Segundo pesquisa de Regina Dalcastagnè, da UnB, apenas 27% dos romances publicados entre 1990 e 2004 por grandes editoras brasileiras foram escritos por mulheres. Hoje, esse quadro começa a se transformar. Dados do Clube de Autores mostram que a participação feminina na autopublicação subiu de 34% para 44% entre 2021 e 2022.

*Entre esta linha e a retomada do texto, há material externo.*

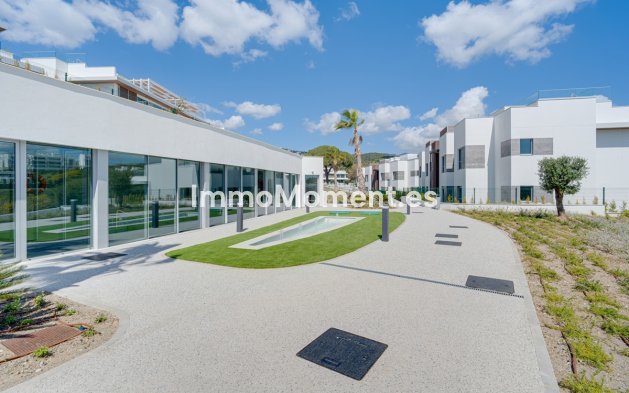 Resale - Apartment - Marbella - Santa Clara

Para Sevani Matos, presidente da Câmara Brasileira do Livro (CBL), a presença de mulheres em todos os elos da cadeia literária enriquece a produção cultural do país. O fenômeno também se expande internacionalmente, com iniciativas como o Debut Writers Over 50 Award, no Reino Unido, que valorizam estreias de autoras maduras.
No Brasil, cresce a busca por cursos, mentorias e oficinas que tratam a escrita como projeto de vida. A consultora editorial Dany Sakugawa destaca que muitas mulheres encontram na escrita uma forma de transição de carreira, revivendo sonhos antigos ou expressando reflexões profundas.
É nesse contexto que a jornalista Heloísa Paiva estreia com 50+ Desperte para a vida e pare de sofrer, no dia 19 de outubro, às 15h, na Livraria Cultura, em São Paulo. A obra aborda temas como menopausa, luto, etarismo, solidão e insegurança financeira, oferecendo caminhos práticos para ressignificar a maturidade.
Para Heloísa, escrever depois dos 50 é prova de que essa fase pode ser janela de oportunidades. “Quero que este livro seja um guia para mulheres que desejam viver o envelhecimento com mais autonomia e amor-próprio”, afirma a autora.
O movimento 50+ mostra que a escrita transforma não apenas quem escreve, mas também o mundo ao redor, abrindo espaço para novas narrativas femininas no centro da cultura.